## Task requirements
Produce a word-for-word copy of the data that follows, excluding images.

## Data
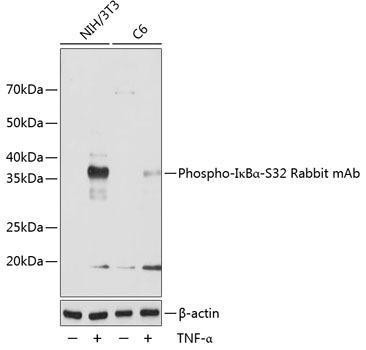Anti-Phospho-IkappaBalpha-S32 [ARC0147] Monoclonal Antibody (CABP0707)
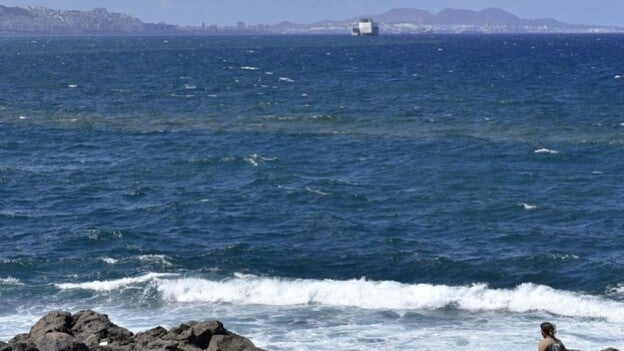 El "bloom" de cianobacterias se formó en el océano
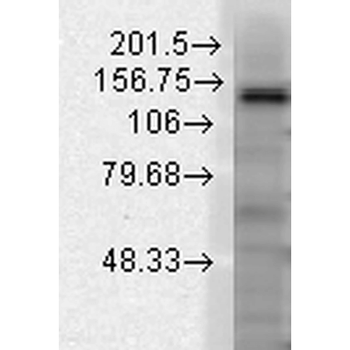Slo2.2 Antibody
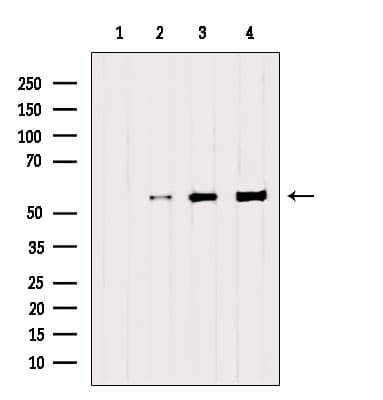 SAMM50 Antibody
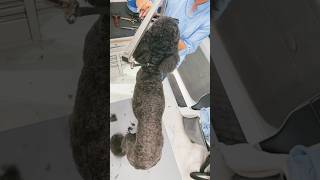 Pequeño GIGANTE 🐶😱 #viralvideo #puppy #mobilegrooming #pets #doggroomer #fyp #shorts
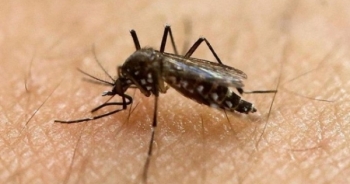 Ghi nhận 94 ca nhiễm Virus Zika tại TP HCM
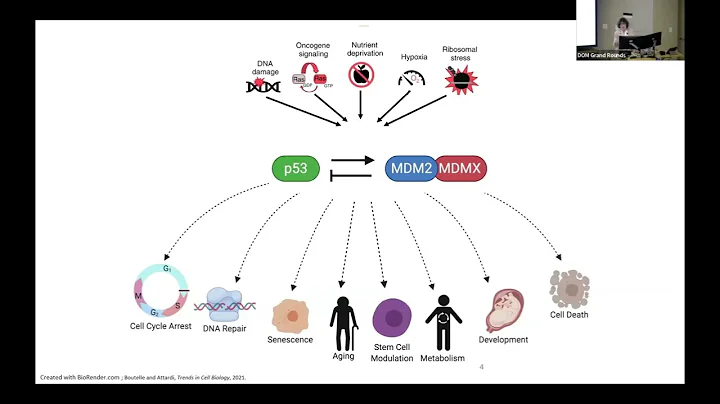 9/13/24 - Travels with the P53 Tumor Suppressor Network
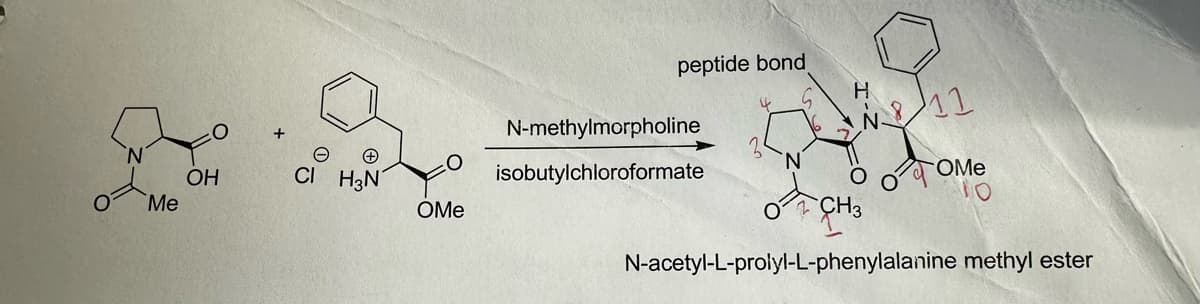 Me
OH
CI H3N
OMe
peptide bond
N-methylmorpholine
isobutylchloroformate
เพื่อ
CH₂
11
OMe
N-acetyl-L-prolyl-L-phenylalanine methyl ester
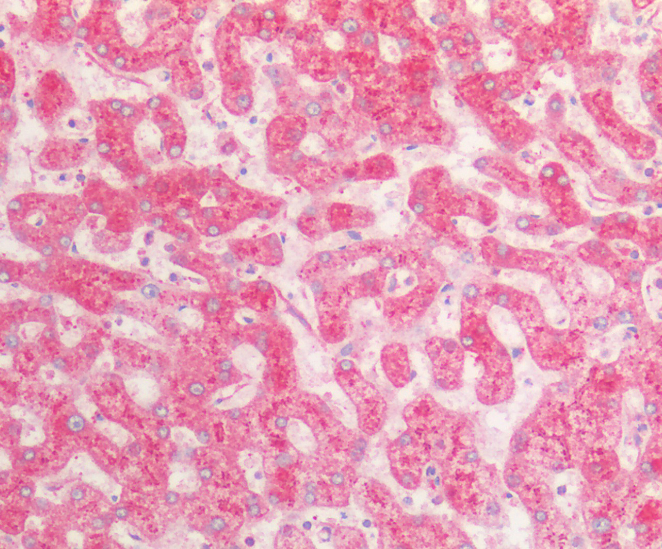Goat anti-fibrinogen alpha chain Antibody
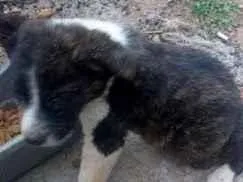 Cao SRD-ViraLata Medio  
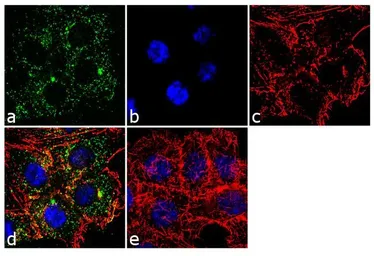Anti-MCP1 / CCL2 antibody [E10051] used in Immunocytochemistry/ Immunofluorescence (ICC/IF). GTX15784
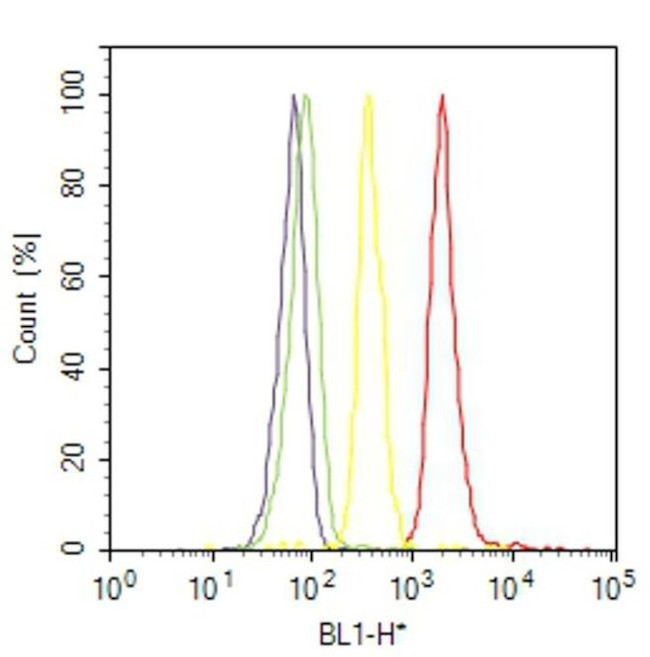 Mouse IgG (H+L) Cross-Adsorbed Secondary Antibody in Flow Cytometry (Flow)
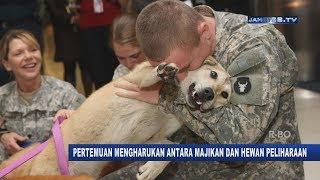 VIRAL!!! Moment Mengharukan Seekor Anjing Bertemu Majikannya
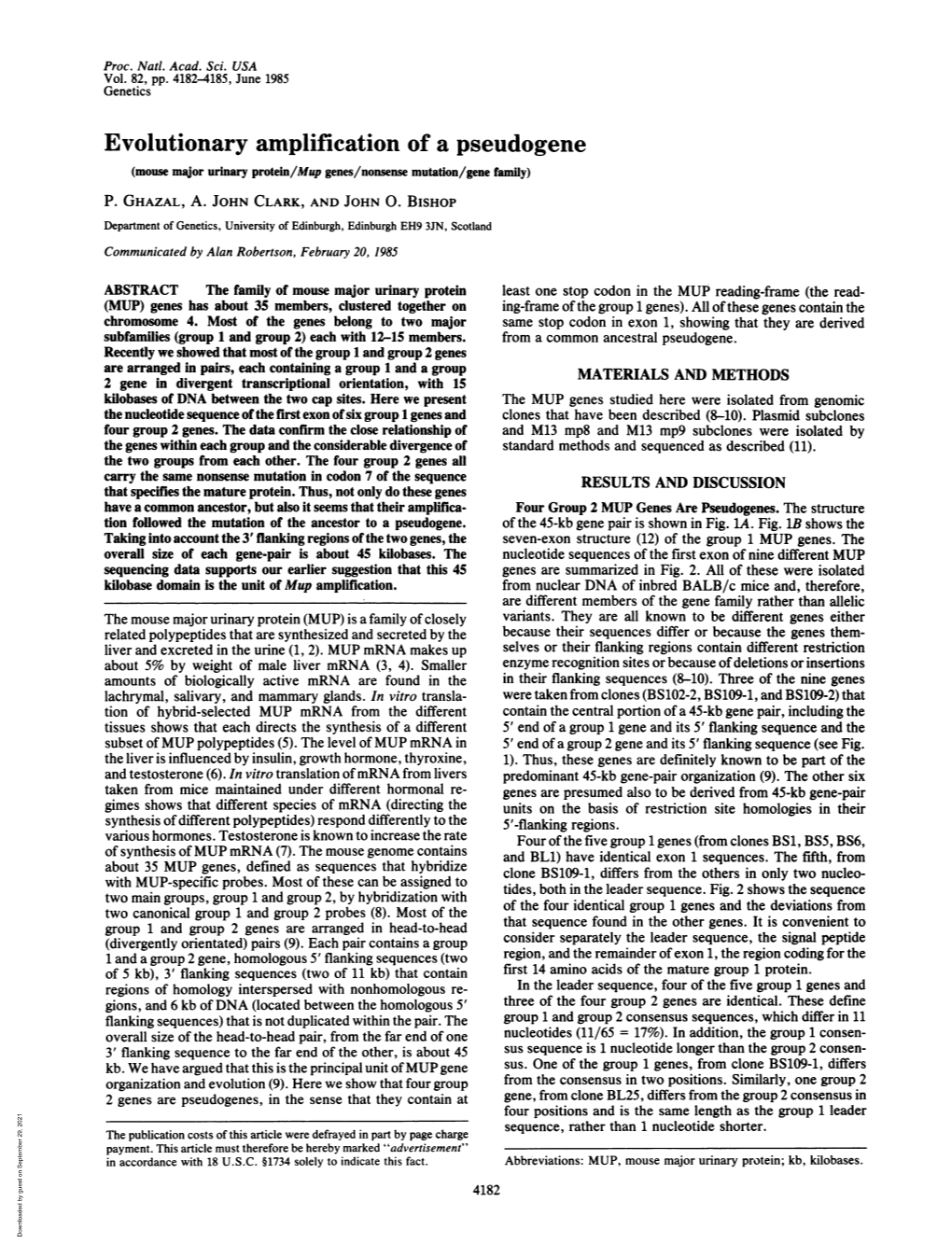 Evolutionary Amplification of a Pseudogene (Mouse Major Urinary Protein/Mup Genes/Nonsense Mutation/Gene Family) P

## Result of the exercise
Anti-Phospho-IkappaBalpha-S32 [ARC0147] Monoclonal Antibody (CABP0707)
 El "bloom" de cianobacterias se formó en el océano
Slo2.2 Antibody
 SAMM50 Antibody
 Pequeño GIGANTE 🐶😱 #viralvideo #puppy #mobilegrooming #pets #doggroomer #fyp #shorts
 Ghi nhận 94 ca nhiễm Virus Zika tại TP HCM
 9/13/24 - Travels with the P53 Tumor Suppressor Network
 Me
OH
CI H3N
OMe
peptide bond
N-methylmorpholine
isobutylchloroformate
เพื่อ
CH₂
11
OMe
N-acetyl-L-prolyl-L-phenylalanine methyl ester
Goat anti-fibrinogen alpha chain Antibody
 Cao SRD-ViraLata Medio  
Anti-MCP1 / CCL2 antibody [E10051] used in Immunocytochemistry/ Immunofluorescence (ICC/IF). GTX15784
 Mouse IgG (H+L) Cross-Adsorbed Secondary Antibody in Flow Cytometry (Flow)
 VIRAL!!! Moment Mengharukan Seekor Anjing Bertemu Majikannya
 Evolutionary Amplification of a Pseudogene (Mouse Major Urinary Protein/Mup Genes/Nonsense Mutation/Gene Family) P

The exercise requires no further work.